Speed up sliding sync by computing extensions in parallel #17884

erikjohnston · 2024-10-29T11:05:11Z

The main change here is to add a helper function gather_optional_coroutines, which works in a similar way as yieldable_gather_results but takes a set of coroutines rather than a function

MadLittleMods

General idea looks good 👍

Surprised we need extra code

MadLittleMods · 2024-10-29T19:19:26Z

synapse/util/async_helpers.py

+async def gather_optional_coroutines(
+    *coroutines: Unpack[Tuple[Optional[Coroutine[Any, Any, T1]], ...]],
+) -> Tuple[Optional[T1], ...]:


I'm surprised this sort of thing doesn't exist in the API? Like Promise.all(...) in JavaScript.

Is it because we can't use asyncio yet?

If it's just a feature-difference on how None is handled, can we change them from optional coroutines to Promise.resolve(None) to wrap it in a coroutine (however best to do that in Python) so we're always working with a coroutine?
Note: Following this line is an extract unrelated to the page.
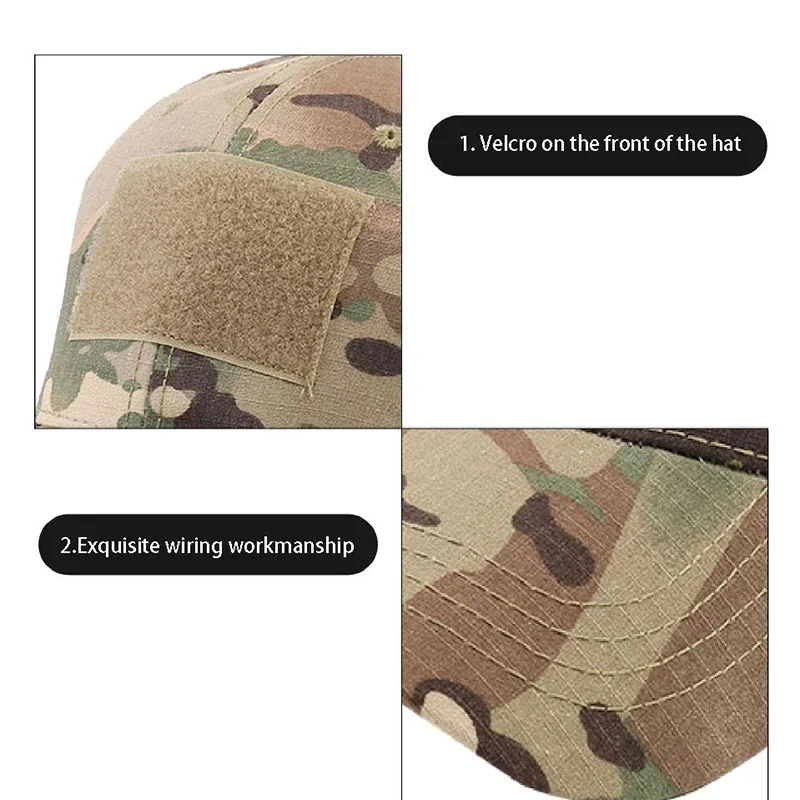 Adjustable military fan outdoor camouflage baseball cap Special force Tactical Sports sunshade Fishing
The reason we need to do this manually (rather than using built-ins), is that we need to correctly handle log contexts.

As a quick summary: basically whenever we "fork off" execution of some async code we need to use run_in_background (or run_as_background_process if we're not going to later wait on the result), and when we "join" them again we need to use make_deferred_yieldable. This is basically what gather_optional_coroutines is doing: spawning the coroutines as background tasks, and then calling make_deferred_yieldable when waiting on them all to complete

This context would be useful to read in the docstrings. I see log contexts are mentioned but none of the consequences or why we need to or why we care is included.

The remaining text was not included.